Nous notons une contradiction fondamentale du point de vue du droit au sein du traité de Schengen lui-même, puisque ce texte prévoit explicitement l’élargissement de cette interdiction. En effet, l’espace Schengen est censé organiser la libre circulation des travailleurs disposant de titres de séjour tout en prévoyant des dérogations à ce principe.
Ce qui nous pose le plus de problèmes, c’est la discrimination établie sur notre territoire entre deux étrangers disposant chacun d’un titre de séjour, selon que celui-ci est accordé en France ou ailleurs dans l’Union européenne.
L’interdiction de circuler est une mesure très lourde et les sanctions prévues pour son non-respect – assignation à résidence ou placement en rétention administrative – ne sont pas sans conséquence pour la personne concernée et, éventuellement, pour sa famille.
Nous estimons qu’il s’agit là d’une remise en cause trop forte du droit des étrangers.
M. le président. Quel est l’avis de la commission ?
M. François-Noël Buffet, rapporteur. Défavorable.
M. le président. Quel est l’avis du Gouvernement ?
Mme Jacqueline Gourault, ministre. Cet amendement tend à supprimer l’article 15, lequel, je le rappelle, institue une interdiction de circulation sur le territoire français pour les ressortissants de pays tiers faisant l’objet d’une remise à un autre État membre.

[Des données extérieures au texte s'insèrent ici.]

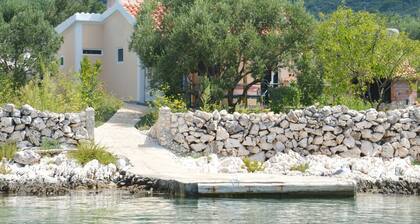 Comfortable Cottage in Pašman With Terrace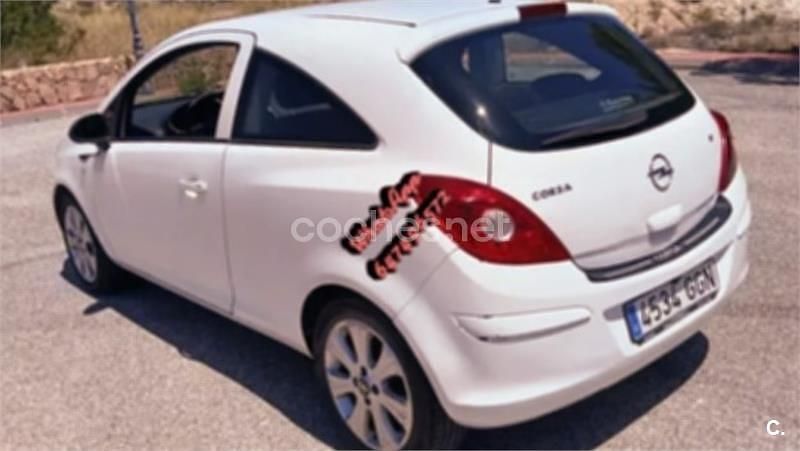 Blanco Usado 2008 Opel Corsa Sport Berlina | 2000 € (Super precio) - Imagen 1/1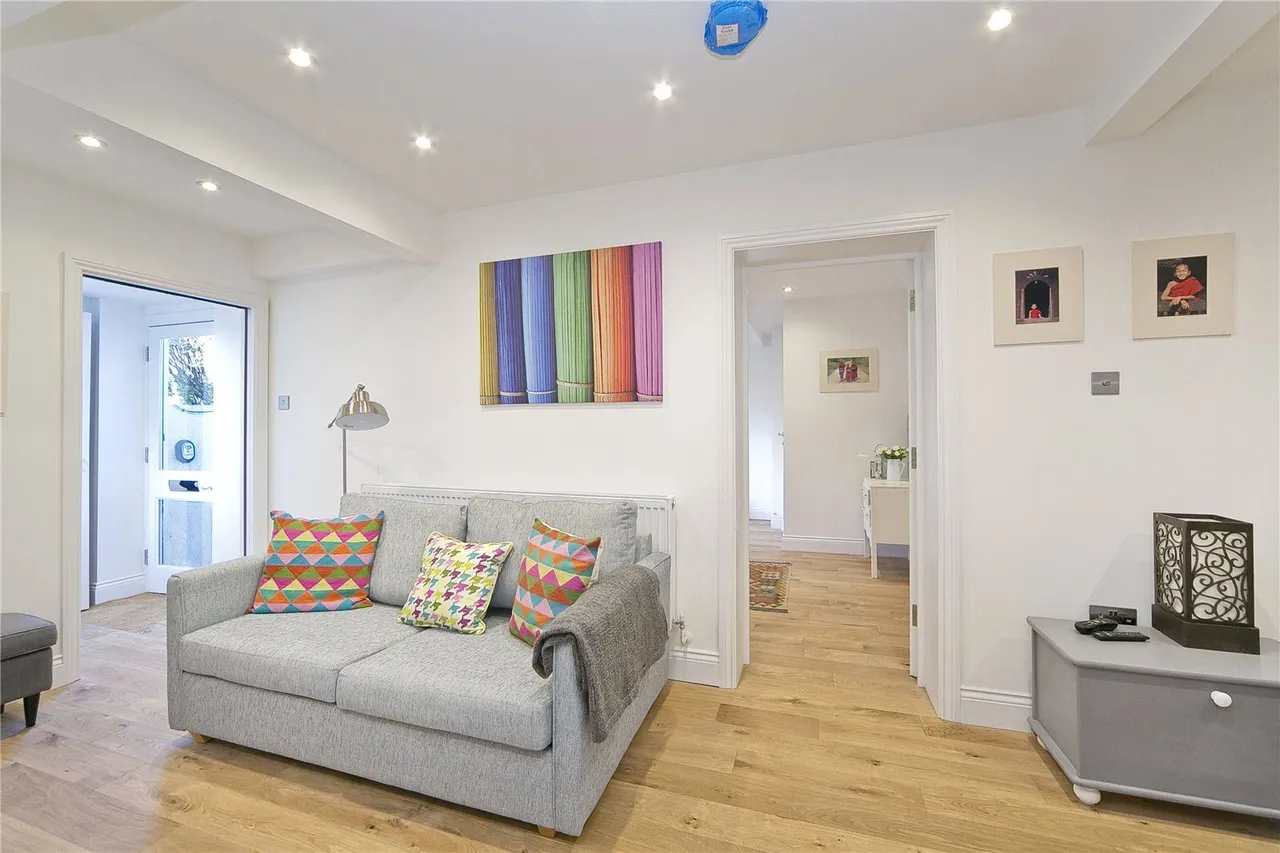 Camden Road, Camden, NW1, photo 3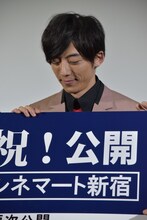 ボードを見る高橋一生。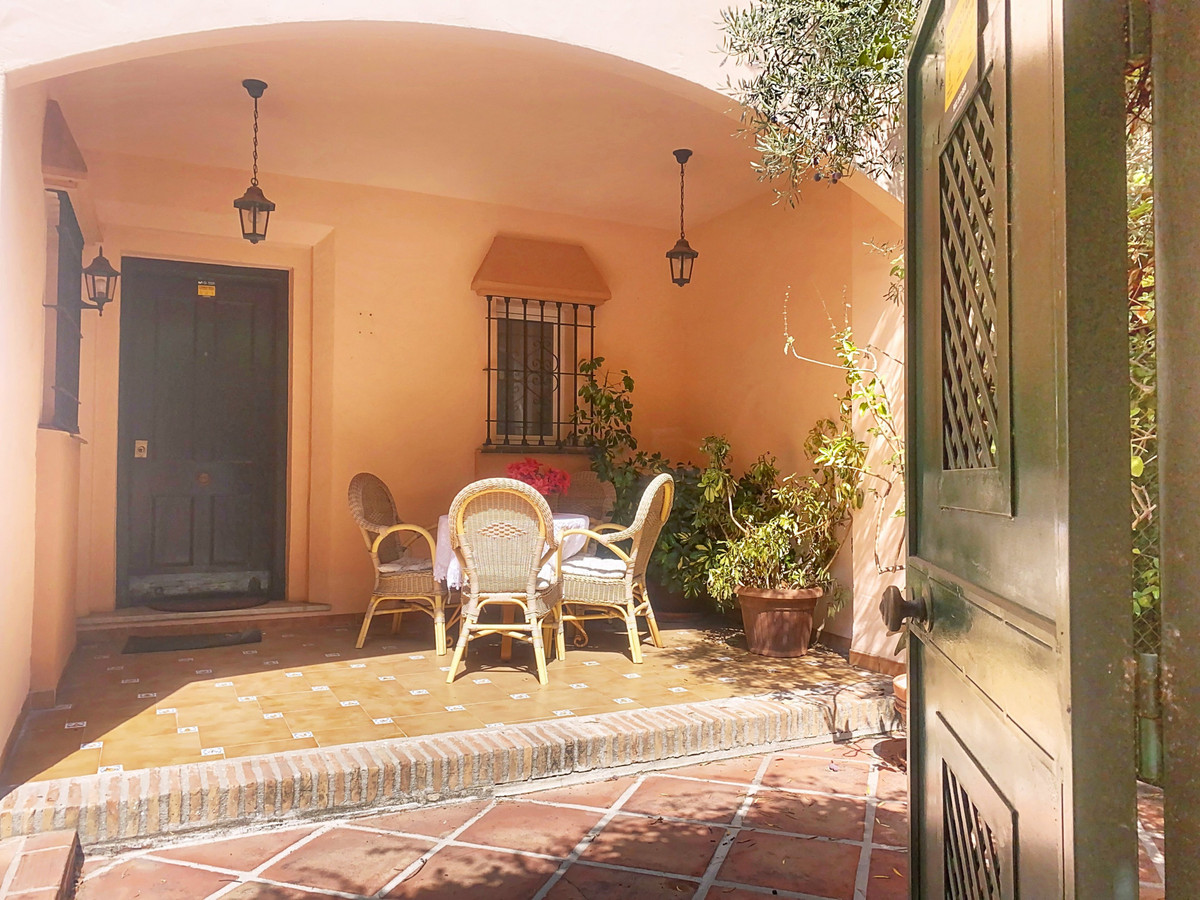 4 bedroom Semi-detached for sale in Guadalmina Alta – R5179825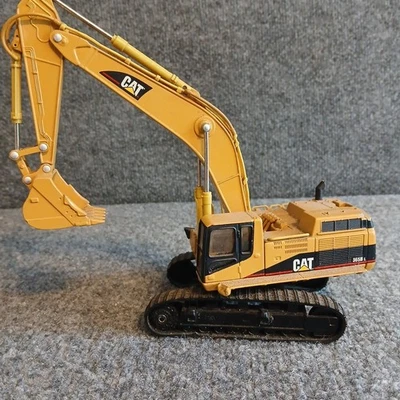 NORSCOT CATERPILLAR CAT 365B L SERIES II EXCAVATOR SCALE 1:50 DIECAST - Image 1 of 4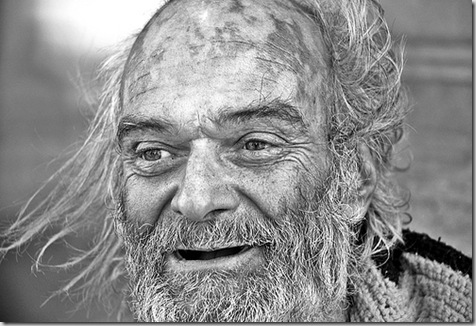 Su una faccia nota che fare il graffio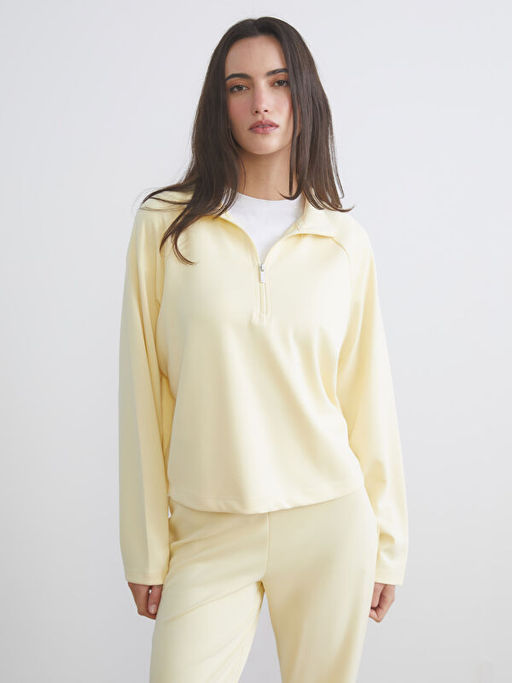 Dik Yaka Oversize Kad?n Sweatshirt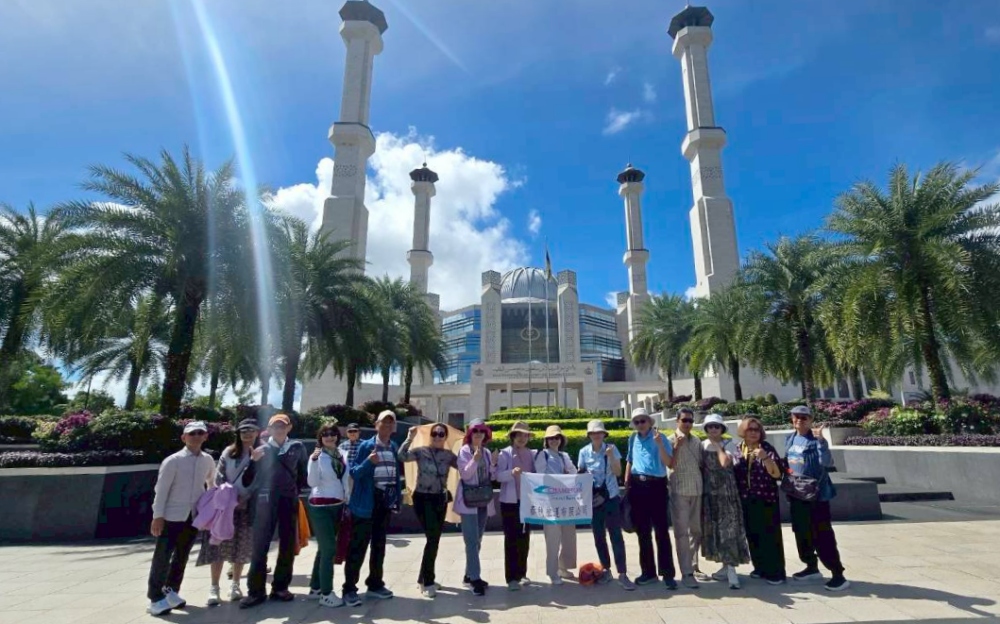 03%E6%98%A5%E7%A7%8B%E6%97%85%E9%81%8B%E6%B7%B1%E8%80%95%E5%8D%8A%E4%B8%96%E7%B4%80%E8%BD%89%E5%90%91%E5%B0%88%E6%B3%A8%E6%B1%B6%E8%90%8A%E6%B7%B1%E5%BA%A6%E6%97%85%E9%81%8A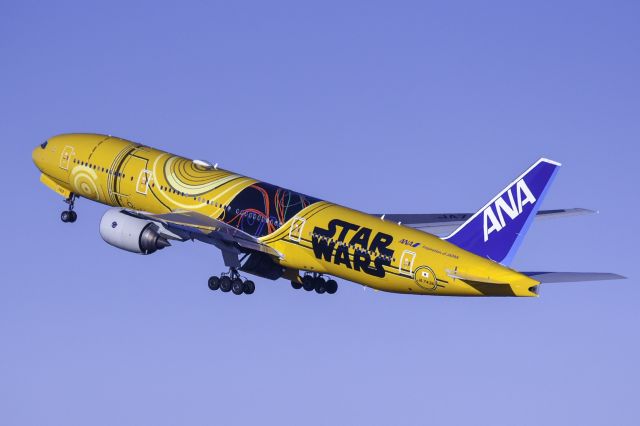 Boeing 777-200 (JA743A) - C-3PO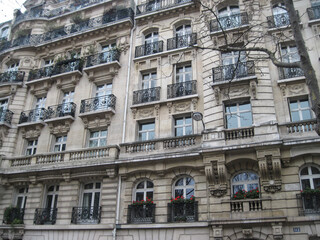 Fototapeta na wymiar facade with forged lattice on the building. beautiful openwork wrought iron fence balconies of Parisian buildings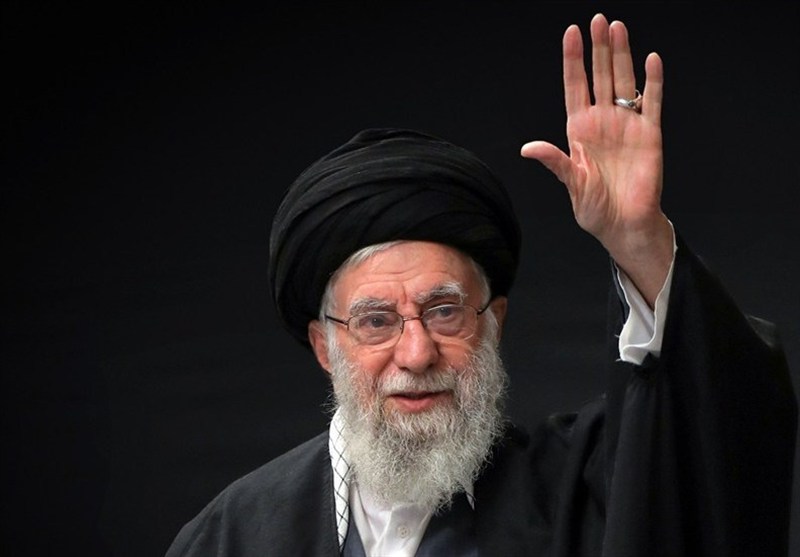 دریغا ای دریغا ای دریغا؛ خدایی سایهای رفت از سر ما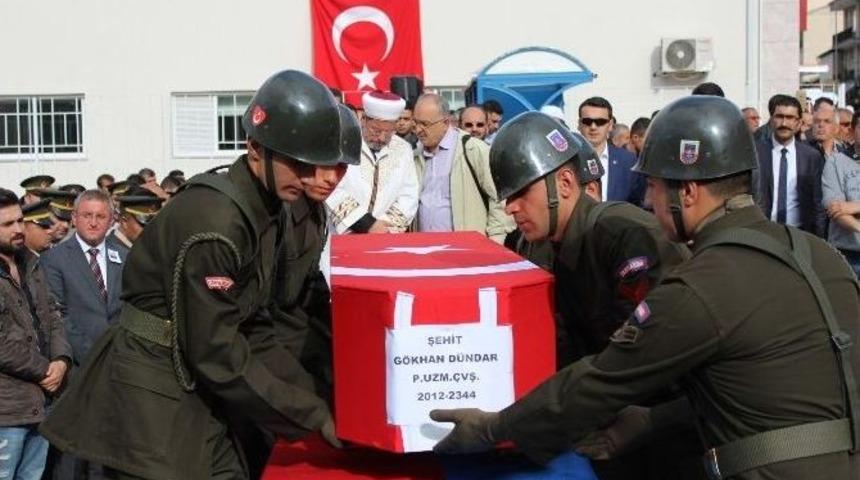 Şehit Piyade Uzman &Ccedil;avuş D&uuml;ndar Dualarla Son Yolculuğuna Uğurlandı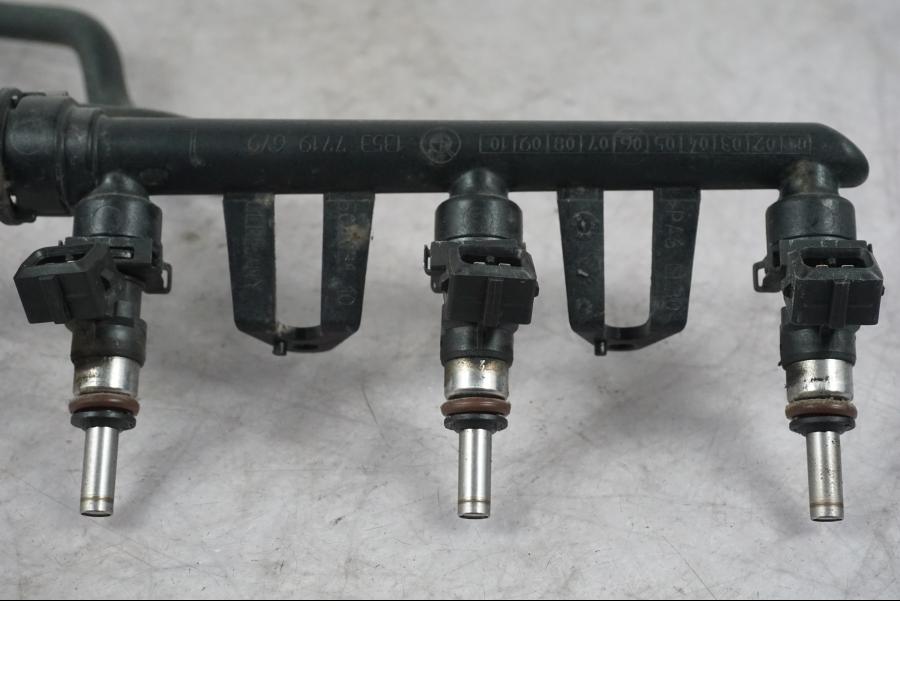 Extrabild1 på Fuel Rail från en BMW K 1600 GTL -2015 motorcykel.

Il s’agit ainsi de garantir l’effet utile des « remises Schengen » et d’éviter qu’une personne éloignée vers un autre pays de l’espace Schengen ne revienne rapidement sur le territoire français, en bénéficiant de la libre circulation. Cette disposition permet d’assurer l’efficacité des mesures d’éloignement.
Pour ces motifs, le Gouvernement émet un avis défavorable sur cet amendement.